--- Exercise data ---

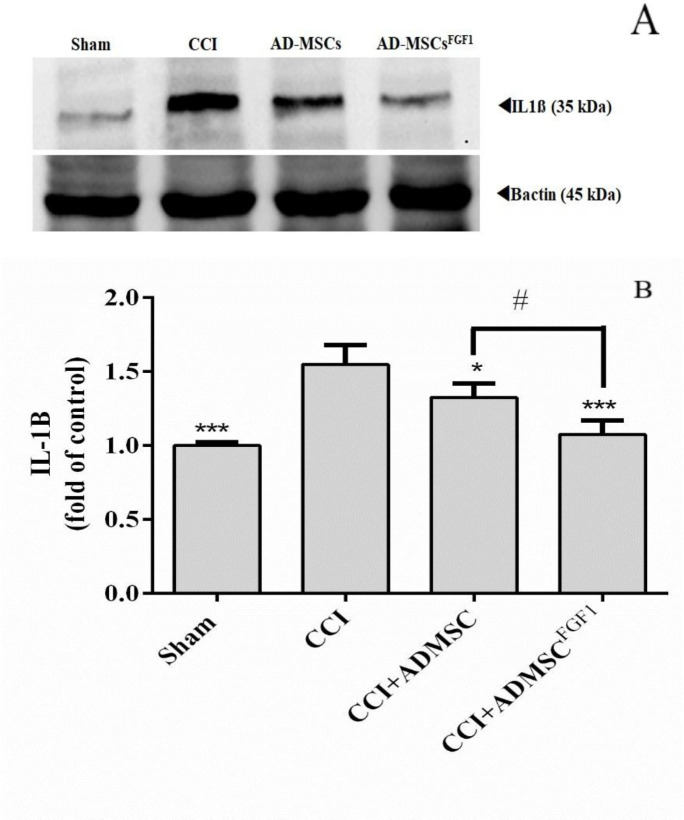 Effects of AD-MSCs and AD-MSCs FGF1 on expressions of IL-1β protein in L4-L6 dorsal horn spinal cord of CCI rats on day 14. (A) Representative images of IL-1β by western blotting. (B) Tthe bar graphs show the relative protein band expressions of IL-1β. 𝛽-actin is the loading of protein control. Each value represents the mean ± SEM. *p < 0.05, ***p < 0.001 vs. CCI group; #p < 0.05 vs. AD-MSCs group. (n = 6).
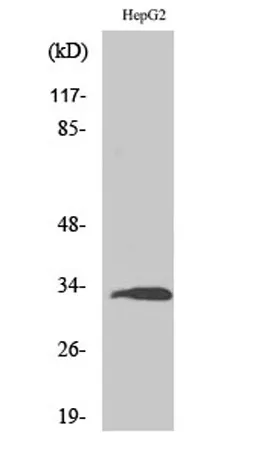 Ribosomal Protein S3 rabbit pAb - image 1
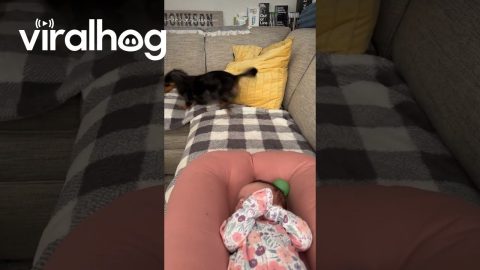 Dachshund Desperate To Play Fetch With Newborn || ViralHog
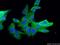 S100 Calcium Binding Protein A13 antibody, 14987-1-AP, Proteintech Group, Immunofluorescence image 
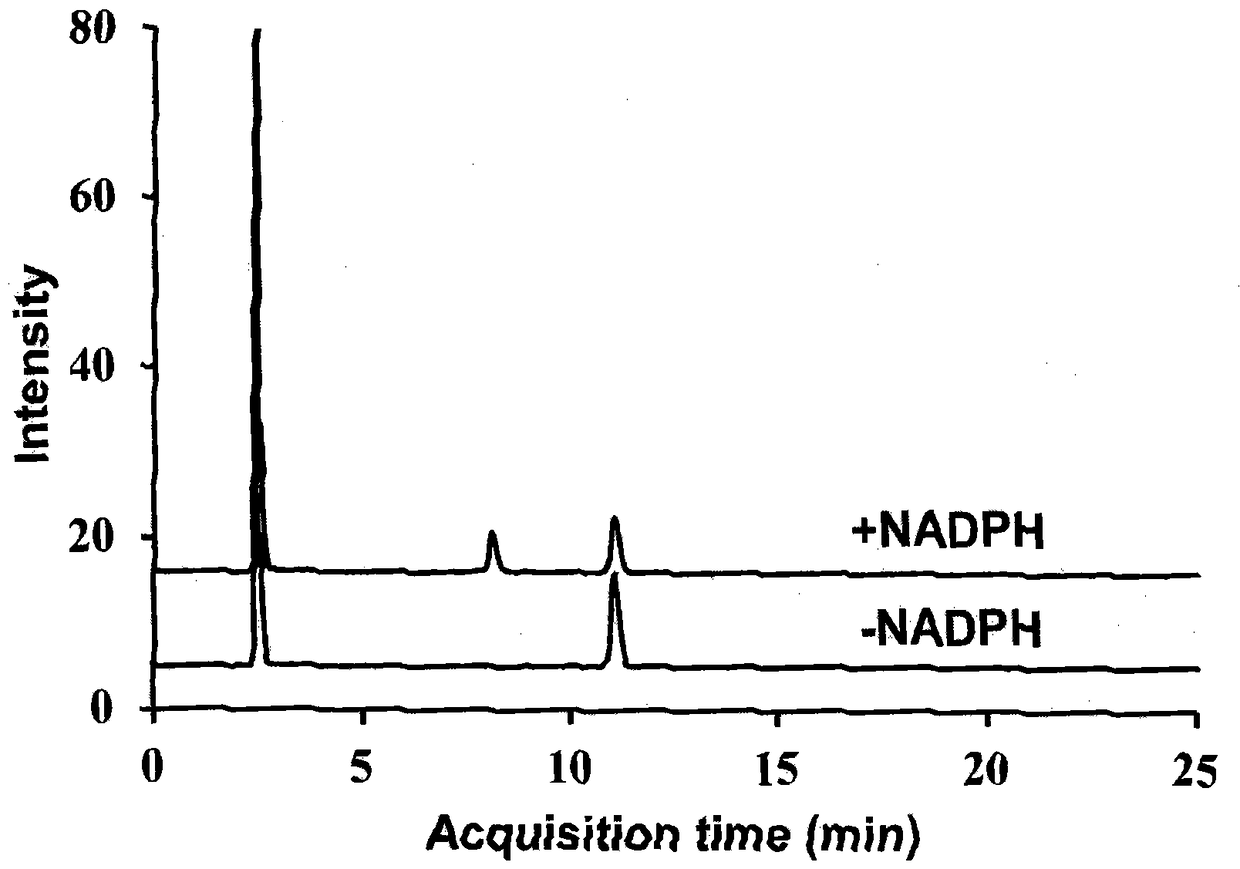 Specific Probe Substrate of Cytochrome p450_3a4 Enzyme and Its Application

---

What this task involves:
Your copy should match the entries above exactly and contain no pictures.

Solution to this task:
 Effects of AD-MSCs and AD-MSCs FGF1 on expressions of IL-1β protein in L4-L6 dorsal horn spinal cord of CCI rats on day 14. (A) Representative images of IL-1β by western blotting. (B) Tthe bar graphs show the relative protein band expressions of IL-1β. 𝛽-actin is the loading of protein control. Each value represents the mean ± SEM. *p < 0.05, ***p < 0.001 vs. CCI group; #p < 0.05 vs. AD-MSCs group. (n = 6).
 Ribosomal Protein S3 rabbit pAb - image 1
 Dachshund Desperate To Play Fetch With Newborn || ViralHog
 S100 Calcium Binding Protein A13 antibody, 14987-1-AP, Proteintech Group, Immunofluorescence image 
 Specific Probe Substrate of Cytochrome p450_3a4 Enzyme and Its Application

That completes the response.